Where do you see yourself in the near future?

While I am eager to continue working at NASA as a scientist in space plasma physics, I am also exploring opportunities beyond NASA Goddard. I am currently at crossroads in my career, deciding whether to pursue an academic path toward becoming a university professor in space physics or to transition into Fusion Industry. In industry, I am particularly interested in roles where I can apply my expertise in plasma simulations and code development, especially in the field of plasma fusion. I am actively exploring opportunities and applying in both sectors, but regardless of the path I choose, I see myself continuing to work in the field of computational plasma physics.

What do you like to do in your free time?

In my free time, I enjoy solving puzzles—especially variant Sudoku. My current favorite is fog-of-war Sudoku, where the grid is initially hidden, and each correct entry gradually reveals more of the puzzle. These puzzles are entirely logic-based, with no guessing involved, which makes them both deeply satisfying and delightfully challenging. I often find myself absorbed in them for hours at a time.

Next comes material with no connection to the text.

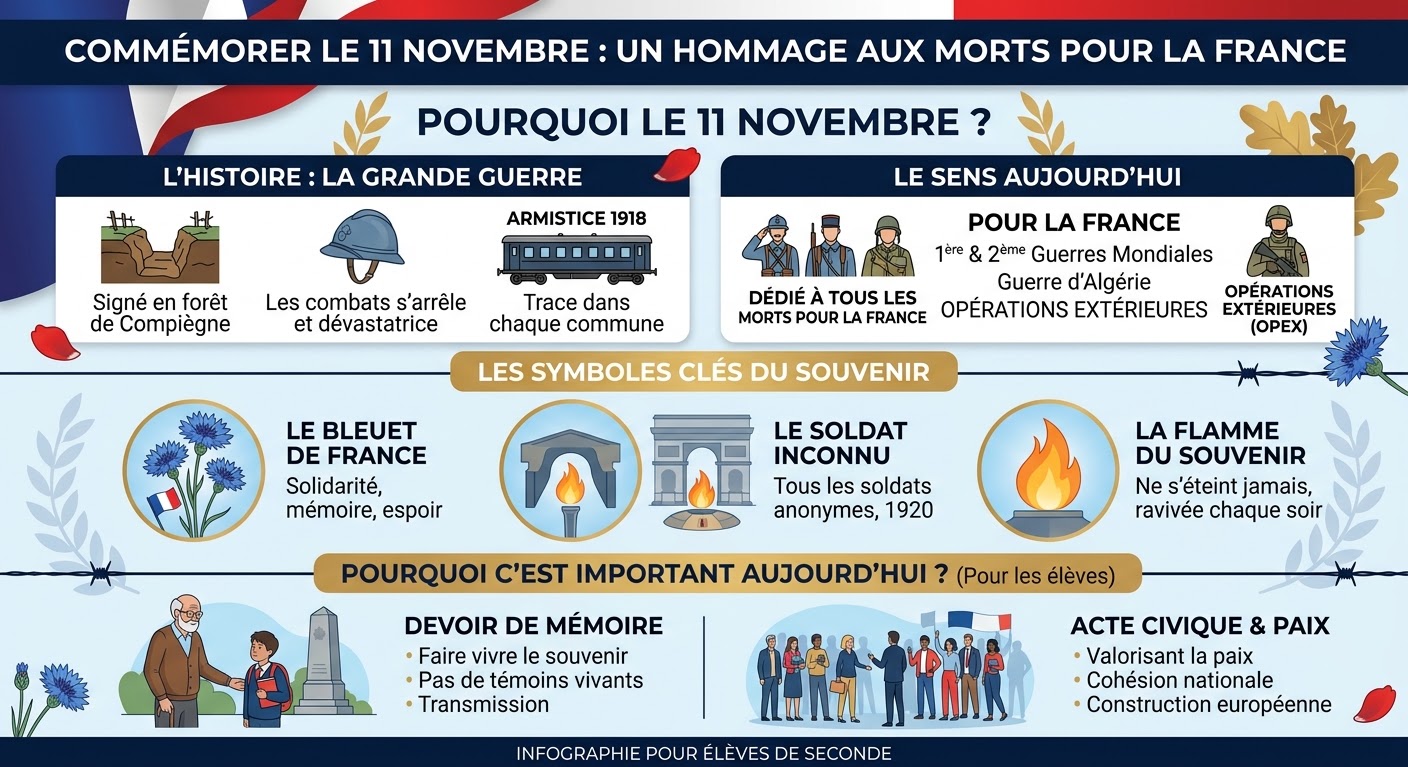 Infographie : Commémorer le 11 novembre, un hommage aux morts pour la France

I regularly participate in the monthly Sudoku Hunt hosted by Cracking the Cryptic, where themed puzzles turn problem-solving into a friendly and engaging competition. When I am not solving puzzles myself, I enjoy watching YouTube videos to learn new techniques and approaches, particularly from channels such as Numberphile. I have also recently started following 3Blue1Brown, which focuses on teaching higher mathematics through intuitive and visually driven explanations. The animations on the channel are created using a Python based code animation tool called Manim, and I have begun exploring tutorials to learn how to create similar visualizations myself, with the goal of communicating physics concepts more clearly and creatively.

Beyond puzzles, I’ve been taking pottery classes. There’s something humbling about shaping clay with your hands—the quiet rhythm of it, and the way imperfections slowly become character. Cooking brings me a similar joy, with the added warmth of nourishing others. After moving here, I began hosting Diwali dinners, and those evenings—filled with laughter, aromas, and shared stories—are among my happiest memories.

Nature is my reset button. A walk along the Paint Branch Trail can dissolve the weight of any day. And then there’s food exploration with friends—we’ve been tasting our way through Asian cuisines across the city. For me, free time isn’t about escape, but about discovery. Whether it’s a puzzle, a pot, a plate, or a path through the woods, I’m always drawn to whatever invites curiosity, craft, and connection.